▸ **LISTED RECORDS**:

########################################

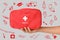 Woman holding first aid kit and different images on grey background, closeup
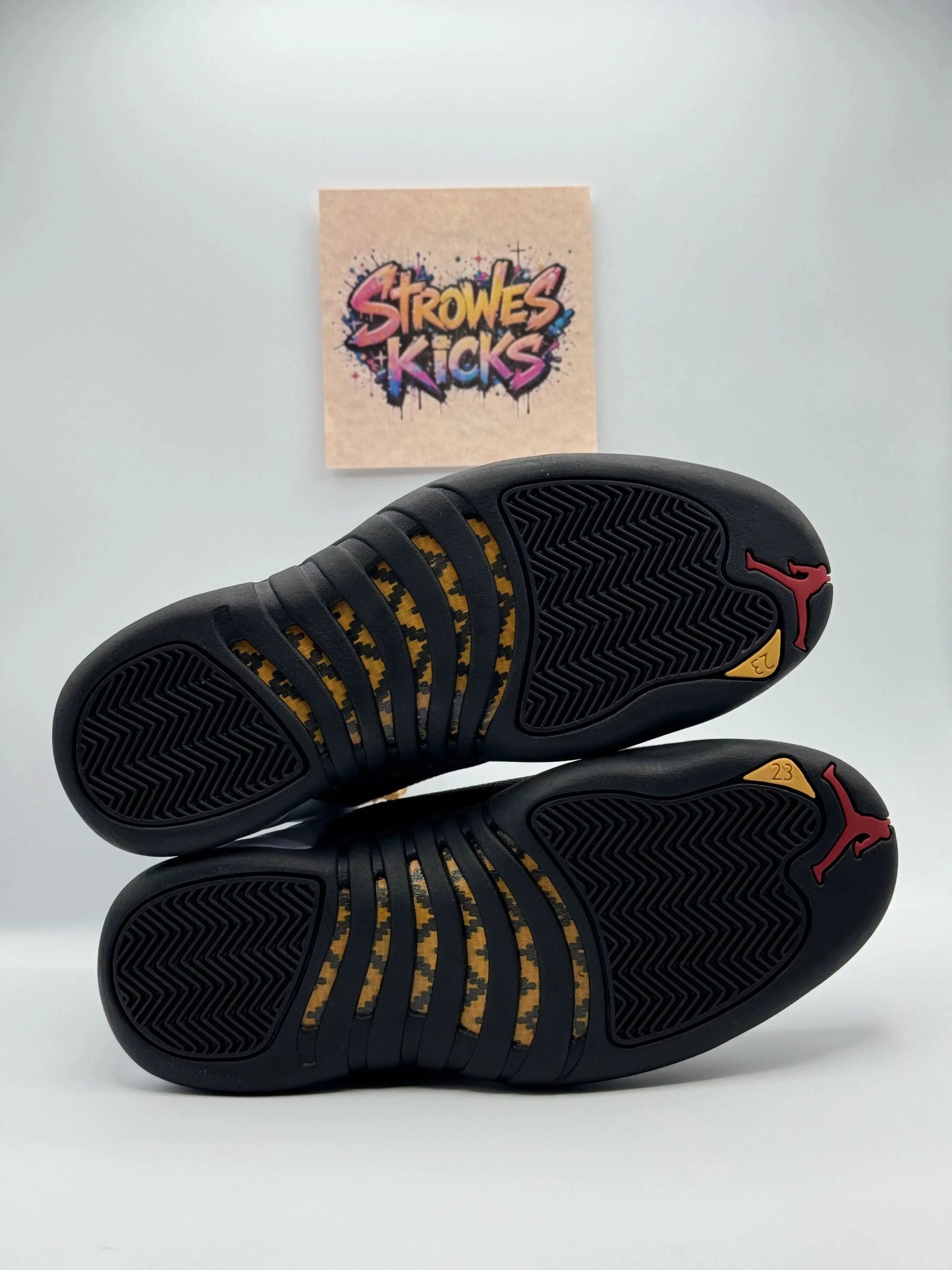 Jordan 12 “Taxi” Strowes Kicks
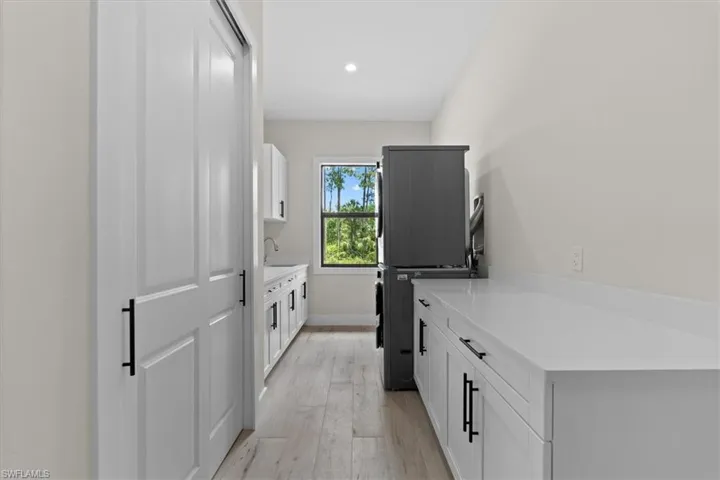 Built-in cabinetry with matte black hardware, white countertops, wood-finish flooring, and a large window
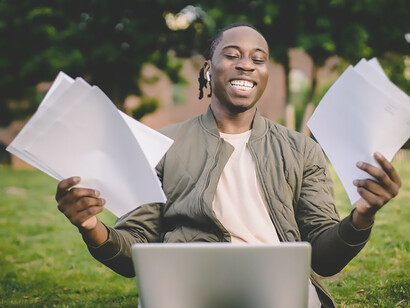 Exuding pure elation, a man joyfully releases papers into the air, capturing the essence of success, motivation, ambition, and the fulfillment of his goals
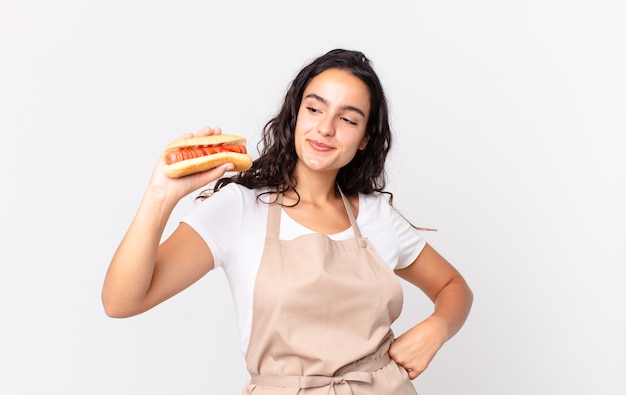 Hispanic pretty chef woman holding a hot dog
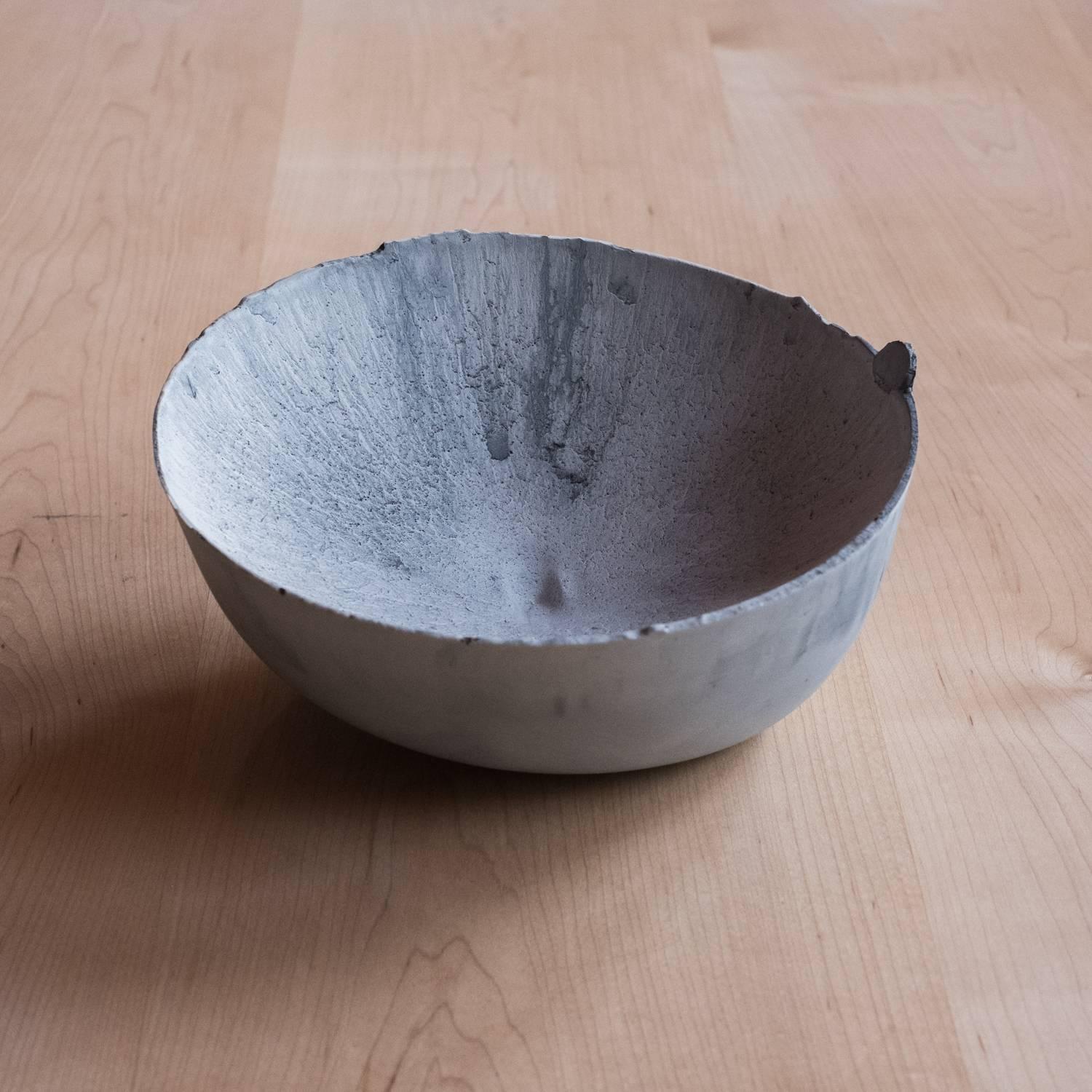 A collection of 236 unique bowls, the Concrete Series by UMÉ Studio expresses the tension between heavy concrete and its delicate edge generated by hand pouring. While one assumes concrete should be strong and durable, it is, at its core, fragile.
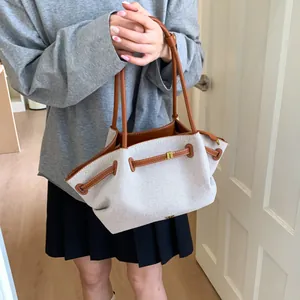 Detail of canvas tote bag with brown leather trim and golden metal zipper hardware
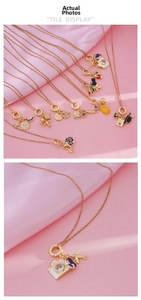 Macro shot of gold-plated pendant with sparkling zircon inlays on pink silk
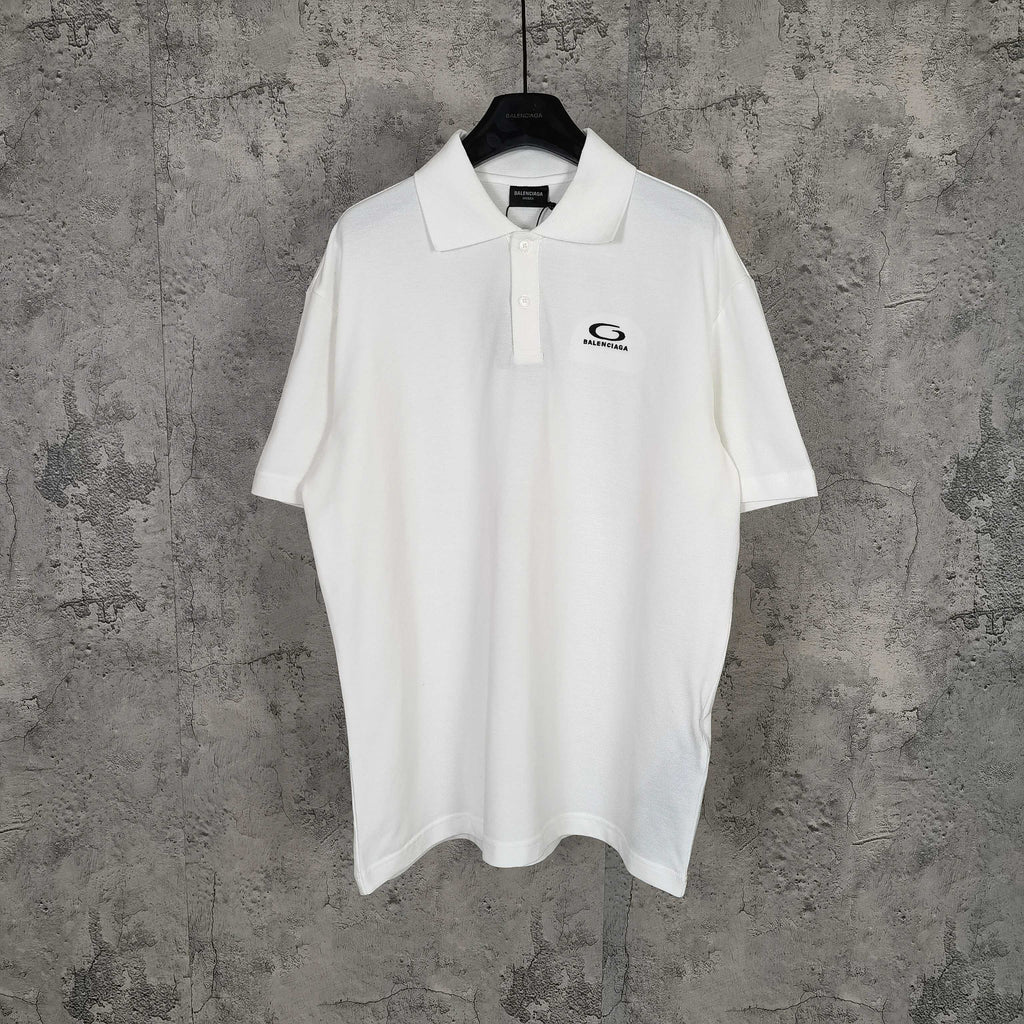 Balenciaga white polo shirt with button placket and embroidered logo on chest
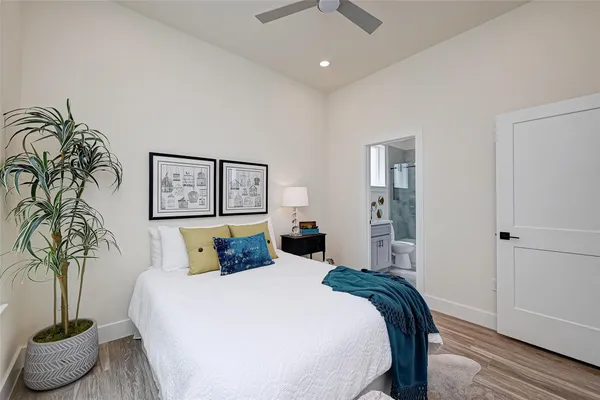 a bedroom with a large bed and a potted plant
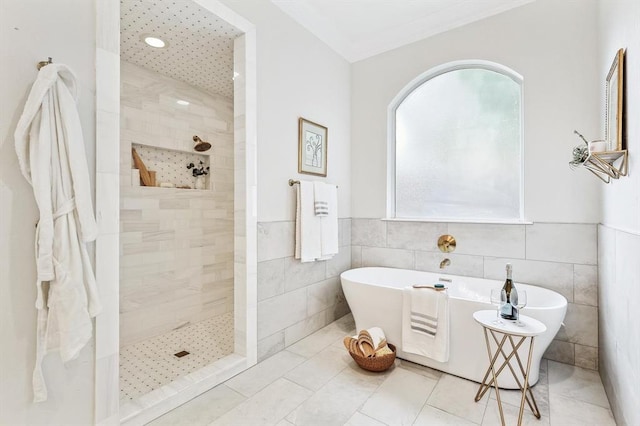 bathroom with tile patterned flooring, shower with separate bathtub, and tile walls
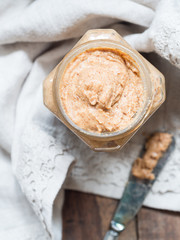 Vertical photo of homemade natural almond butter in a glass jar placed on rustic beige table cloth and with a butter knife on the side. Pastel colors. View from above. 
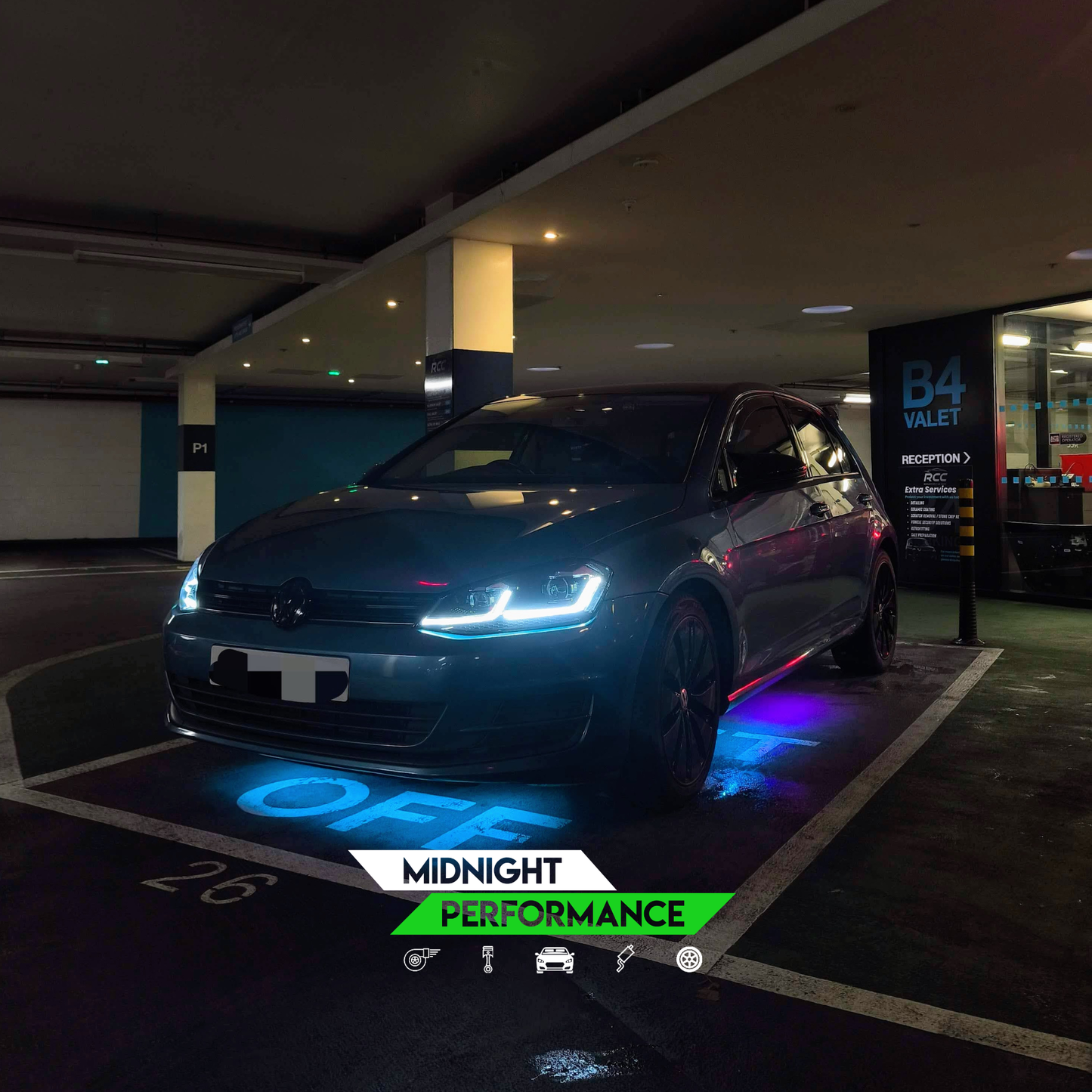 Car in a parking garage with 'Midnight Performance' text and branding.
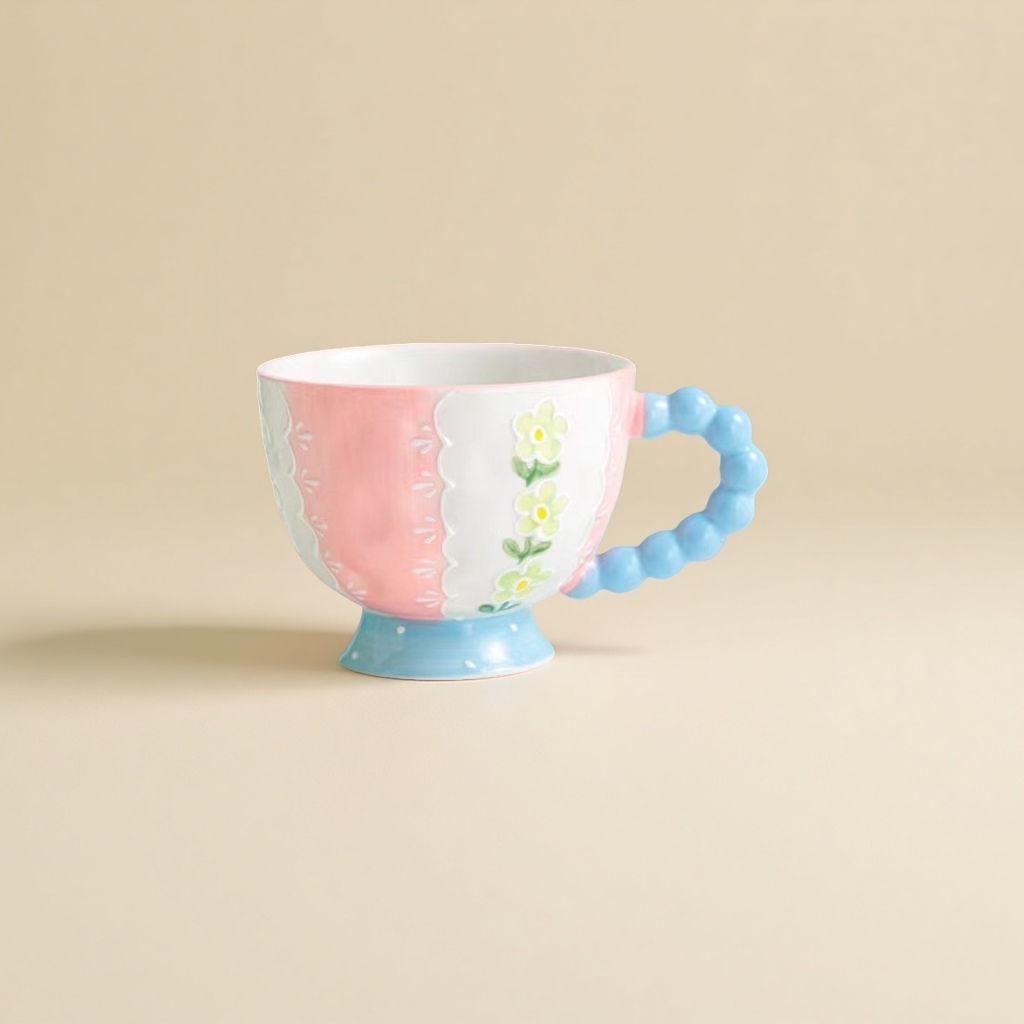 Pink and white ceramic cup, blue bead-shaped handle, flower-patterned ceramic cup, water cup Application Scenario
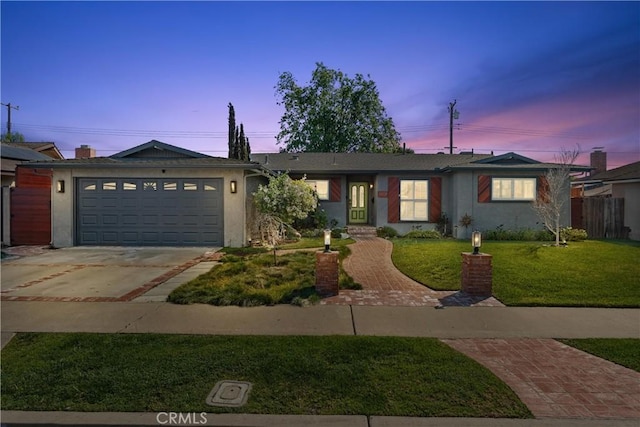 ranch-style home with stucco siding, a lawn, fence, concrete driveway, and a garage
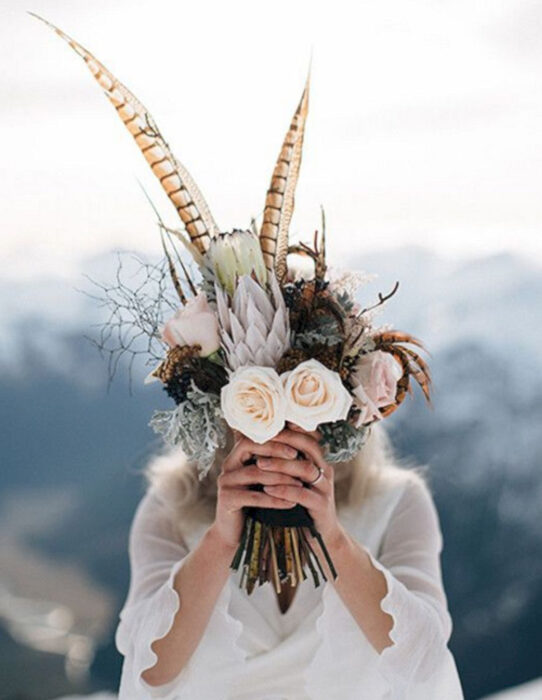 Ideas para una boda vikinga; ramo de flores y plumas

########################################

Write the records out exactly once more, leaving off the pictures.

▸ **YOUR RESPONSE**:
 Woman holding first aid kit and different images on grey background, closeup
 Jordan 12 “Taxi” Strowes Kicks
 Built-in cabinetry with matte black hardware, white countertops, wood-finish flooring, and a large window
 Exuding pure elation, a man joyfully releases papers into the air, capturing the essence of success, motivation, ambition, and the fulfillment of his goals
 Hispanic pretty chef woman holding a hot dog
 A collection of 236 unique bowls, the Concrete Series by UMÉ Studio expresses the tension between heavy concrete and its delicate edge generated by hand pouring. While one assumes concrete should be strong and durable, it is, at its core, fragile.
 Detail of canvas tote bag with brown leather trim and golden metal zipper hardware
 Macro shot of gold-plated pendant with sparkling zircon inlays on pink silk
 Balenciaga white polo shirt with button placket and embroidered logo on chest
 a bedroom with a large bed and a potted plant
 bathroom with tile patterned flooring, shower with separate bathtub, and tile walls
 Vertical photo of homemade natural almond butter in a glass jar placed on rustic beige table cloth and with a butter knife on the side. Pastel colors. View from above. 
 Car in a parking garage with 'Midnight Performance' text and branding.
 Pink and white ceramic cup, blue bead-shaped handle, flower-patterned ceramic cup, water cup Application Scenario
 ranch-style home with stucco siding, a lawn, fence, concrete driveway, and a garage
 Ideas para una boda vikinga; ramo de flores y plumas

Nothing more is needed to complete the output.